Information below:

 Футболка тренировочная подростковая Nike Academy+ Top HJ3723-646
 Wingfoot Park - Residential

End of Information.
Information below:

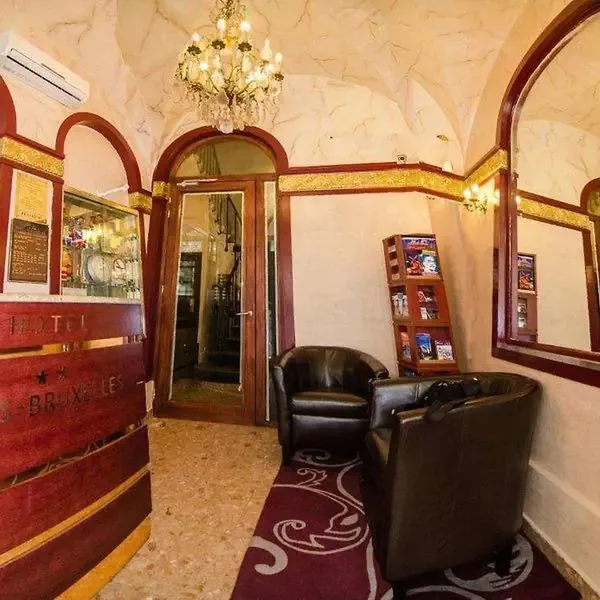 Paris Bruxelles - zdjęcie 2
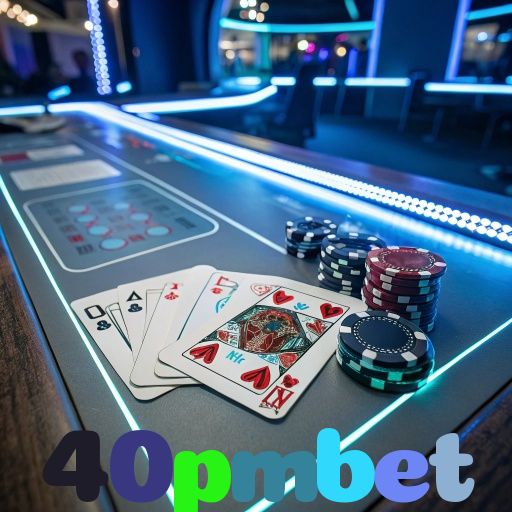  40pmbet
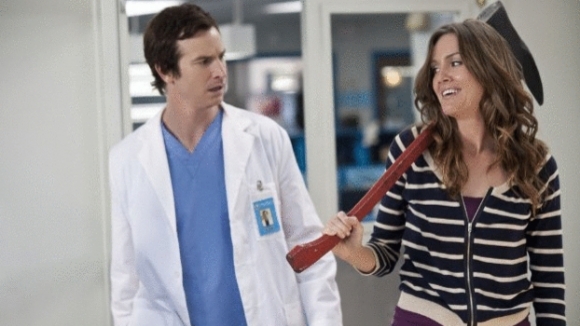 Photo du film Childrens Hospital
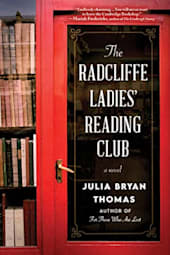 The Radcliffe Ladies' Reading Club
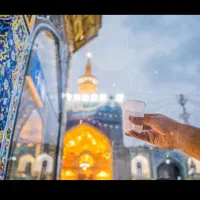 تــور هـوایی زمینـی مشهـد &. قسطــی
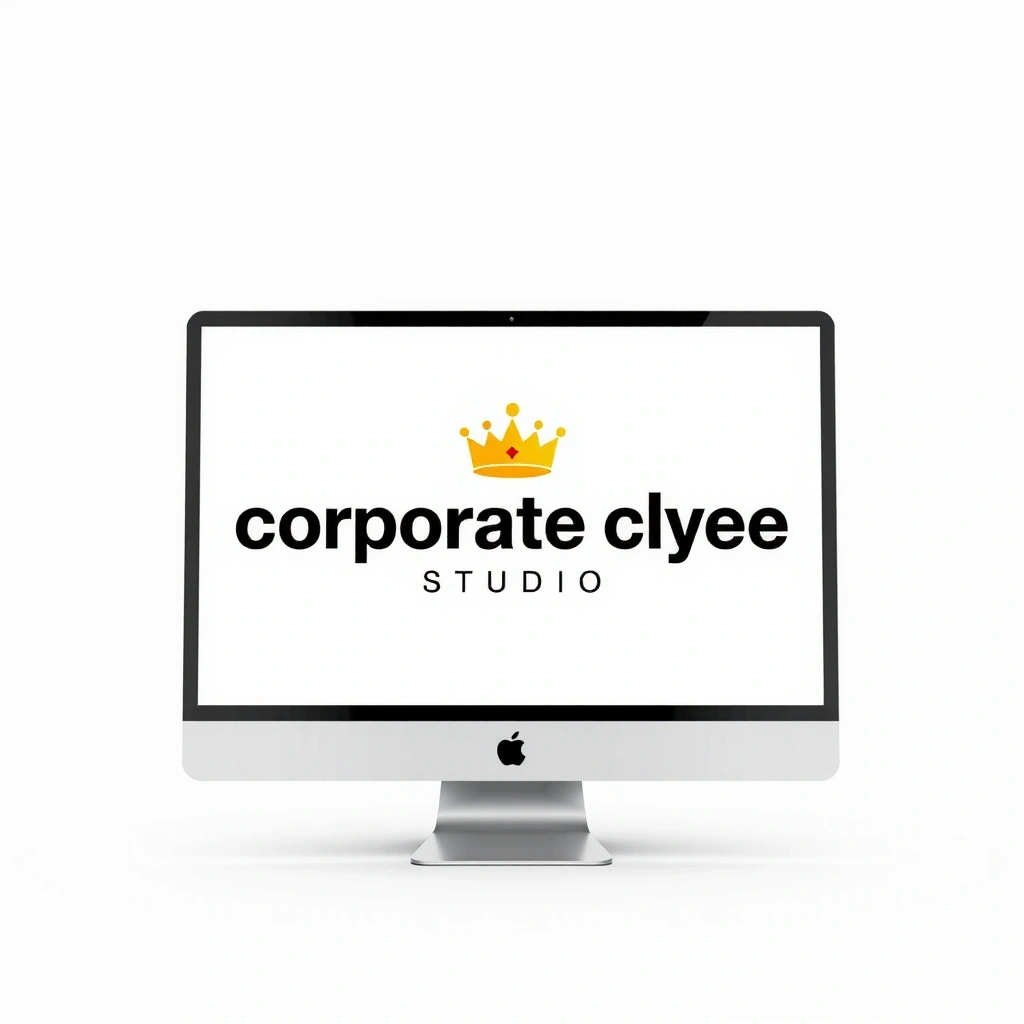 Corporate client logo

End of Information.
Information below:

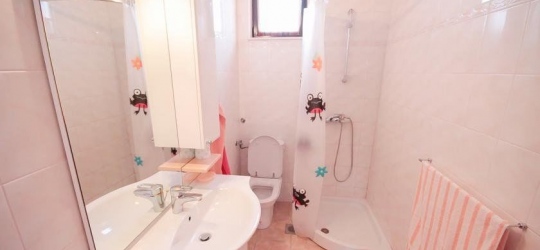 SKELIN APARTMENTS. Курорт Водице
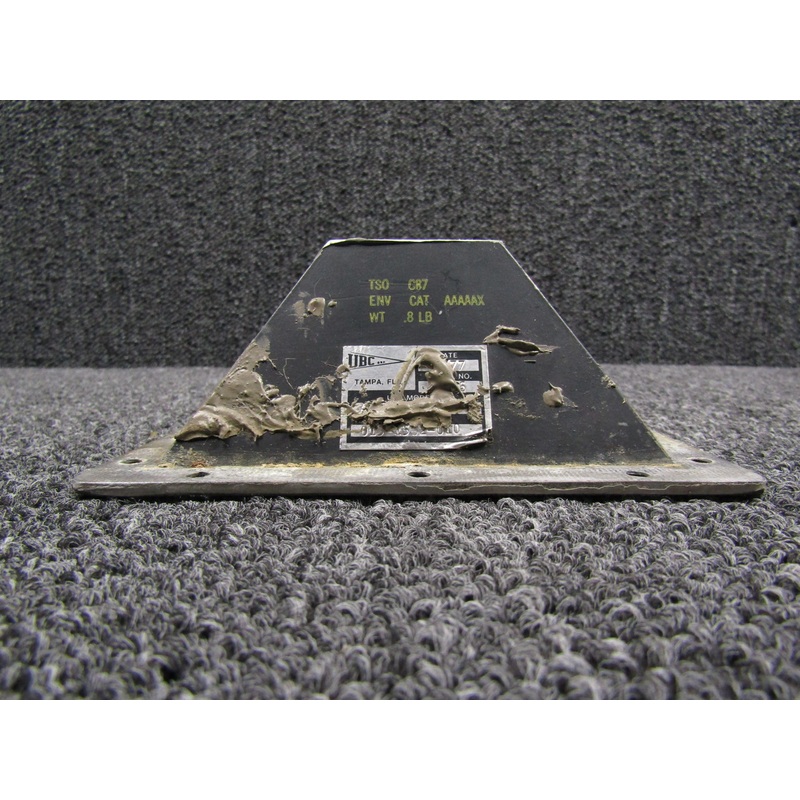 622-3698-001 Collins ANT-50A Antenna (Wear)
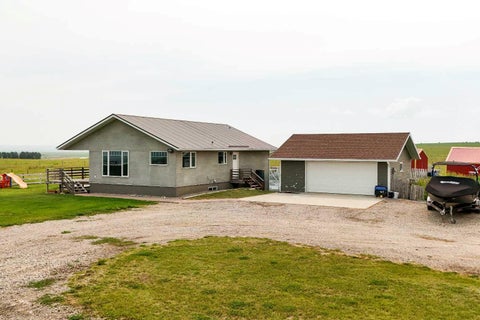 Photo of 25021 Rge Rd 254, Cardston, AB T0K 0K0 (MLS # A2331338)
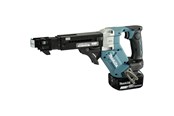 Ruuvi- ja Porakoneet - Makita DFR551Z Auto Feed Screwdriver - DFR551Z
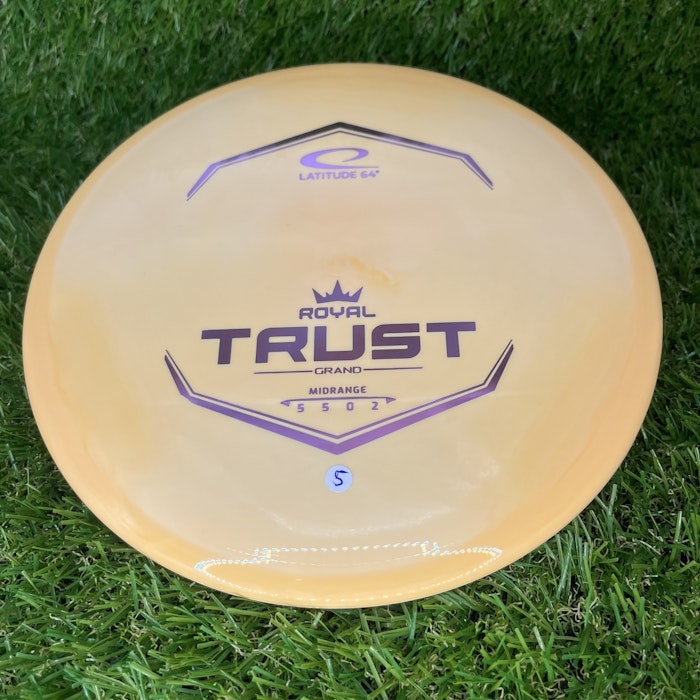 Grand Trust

End of Information.

▶ What you should do
The required answer is the run of lines above, starting at the line with "Футболка тренировочная подростковая" and ending at the line with "Wingfoot Park - Residential", reproduced exactly with both ends.

▶ Response box
 Футболка тренировочная подростковая Nike Academy+ Top HJ3723-646
 Wingfoot Park - Residential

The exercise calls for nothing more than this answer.